TASK OBJECTIVE:
Restate the full listing word for word and leave the pictures out.

SUPPLIED INFORMATION:
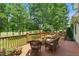 Outdoor deck with seating area and landscaping at 812 Bear Tree Crk, Chapel Hill, NC 27517
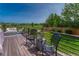 Outdoor deck overlooking green views, with seating and a potted plant at 901 Sage Sparrow Cir, Highlands Ranch, CO 80129
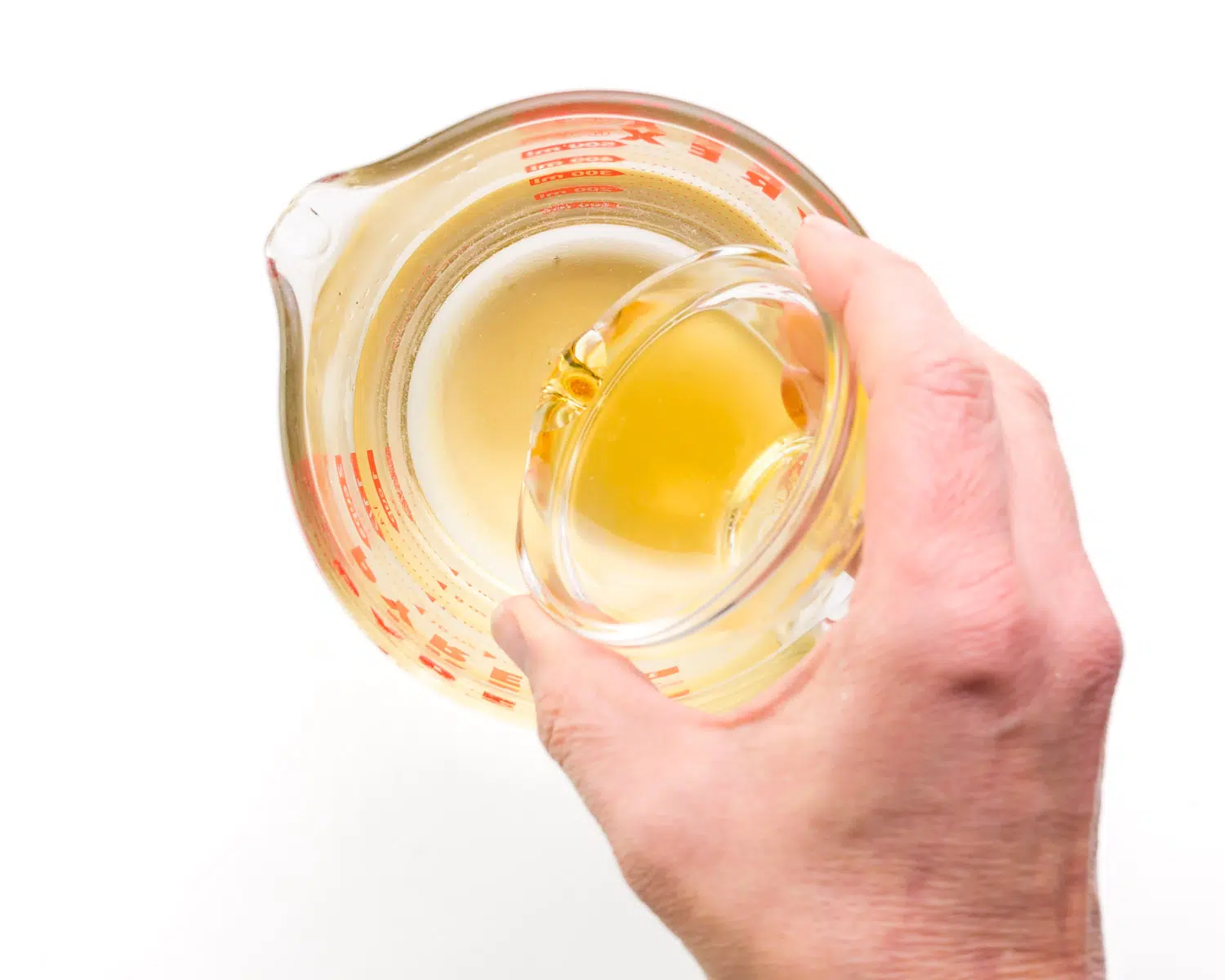 A hand holds a small bowl of maple syrup, pouring it into a glass measuring cup with water.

TASK OUTPUT:
 Outdoor deck with seating area and landscaping at 812 Bear Tree Crk, Chapel Hill, NC 27517
 Outdoor deck overlooking green views, with seating and a potted plant at 901 Sage Sparrow Cir, Highlands Ranch, CO 80129
 A hand holds a small bowl of maple syrup, pouring it into a glass measuring cup with water.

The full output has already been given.